**Prompt**
All that is needed is each line of the entries holding the word "Spacious", copied as it stands.

**Short web captions**
* * *

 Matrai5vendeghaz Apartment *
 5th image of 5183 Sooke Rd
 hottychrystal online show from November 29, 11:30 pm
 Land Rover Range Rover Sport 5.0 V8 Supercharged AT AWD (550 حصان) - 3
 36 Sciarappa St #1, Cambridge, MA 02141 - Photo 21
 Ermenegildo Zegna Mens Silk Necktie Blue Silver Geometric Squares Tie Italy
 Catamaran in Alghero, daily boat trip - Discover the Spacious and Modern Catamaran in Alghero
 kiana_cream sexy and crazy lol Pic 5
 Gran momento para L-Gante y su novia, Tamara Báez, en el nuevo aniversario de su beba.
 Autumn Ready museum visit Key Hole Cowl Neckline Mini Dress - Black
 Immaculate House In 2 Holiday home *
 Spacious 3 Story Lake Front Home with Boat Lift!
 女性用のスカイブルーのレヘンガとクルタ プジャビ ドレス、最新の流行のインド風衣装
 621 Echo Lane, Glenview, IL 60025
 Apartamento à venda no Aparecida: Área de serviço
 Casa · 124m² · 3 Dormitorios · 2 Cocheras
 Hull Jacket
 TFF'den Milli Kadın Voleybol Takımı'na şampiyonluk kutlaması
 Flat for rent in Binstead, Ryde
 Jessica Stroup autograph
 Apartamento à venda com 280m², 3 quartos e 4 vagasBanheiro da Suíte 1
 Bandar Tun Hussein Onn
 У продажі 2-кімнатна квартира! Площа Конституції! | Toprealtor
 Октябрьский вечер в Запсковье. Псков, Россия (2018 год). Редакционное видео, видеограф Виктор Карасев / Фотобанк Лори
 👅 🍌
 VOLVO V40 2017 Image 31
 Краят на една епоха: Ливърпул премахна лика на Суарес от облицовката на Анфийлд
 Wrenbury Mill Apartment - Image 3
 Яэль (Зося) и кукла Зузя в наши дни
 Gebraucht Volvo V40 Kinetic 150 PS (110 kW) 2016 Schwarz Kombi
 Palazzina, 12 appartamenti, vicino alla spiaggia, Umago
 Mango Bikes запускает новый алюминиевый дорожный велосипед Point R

* * *

**Result**
 Catamaran in Alghero, daily boat trip - Discover the Spacious and Modern Catamaran in Alghero
 Spacious 3 Story Lake Front Home with Boat Lift!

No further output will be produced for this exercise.